It always makes me smile when I read articles about content marketing which aren’t addressing any marketing manager I’ve ever met: i.e. the type of person who’s usually unsuccessfully trying to shoehorn a couple of hours of original writing into their weekly job schedule.
One article recently referred to a company’s ‘content marketing teams’. That’s right – it was assuming the reader was not only doing this full time, but was part of a team of people all doing this full time, and that team was not the only one at the company.
Companies which can devote many hundreds of hours a week to something like content marketing, with many people involved, clearly exist, although I’ve never worked with one.
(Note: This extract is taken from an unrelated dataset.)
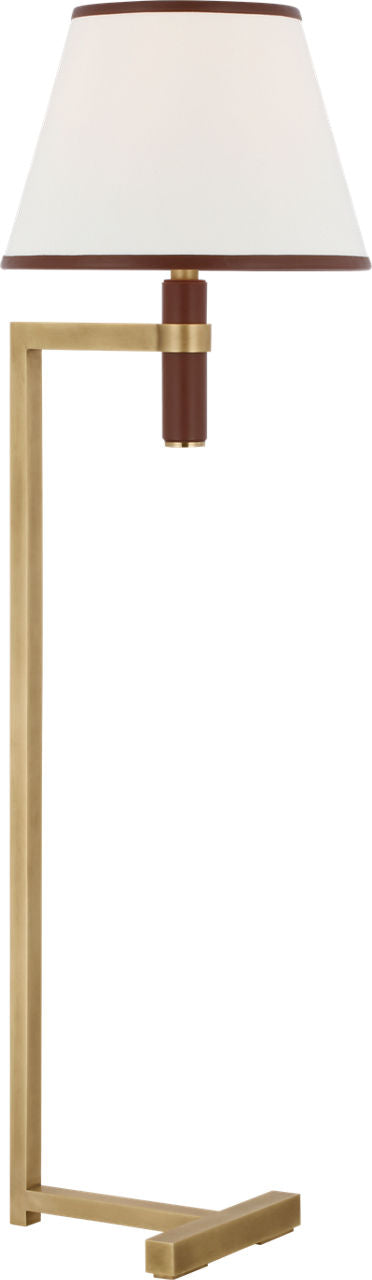 Hedger 55" Floor Lamp | Natural Brass and Saddle Leather | Linen Shade and Saddle Leather Trim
And most people who write content about content marketing are probably angling to get consultancy work at these sorts of businesses, so they won’t be interested in you or I. However, there are some occasional useful tips we can get from listening into their rarefied conversations.
There’s an example here. The article was created to promote a conference about content marketing, and asked industry experts to comment on the subject*. While most of the submissions aren’t going to make you drop your bacon sandwich, it’s an example of the sort of content which you can skim through and – just maybe – find something which at least makes you think. We should all be reading around the different parts of what we do for a living, even when most of what’s published is a long way from the world we inhabit.
(*Asking people for tips and combining them to make an article is a great way to create useful ‘content’, by the way, because who wouldn’t want to offer something good in exchange for being listed as an industry expert? Maybe you could create something similar from people you know, including customers!)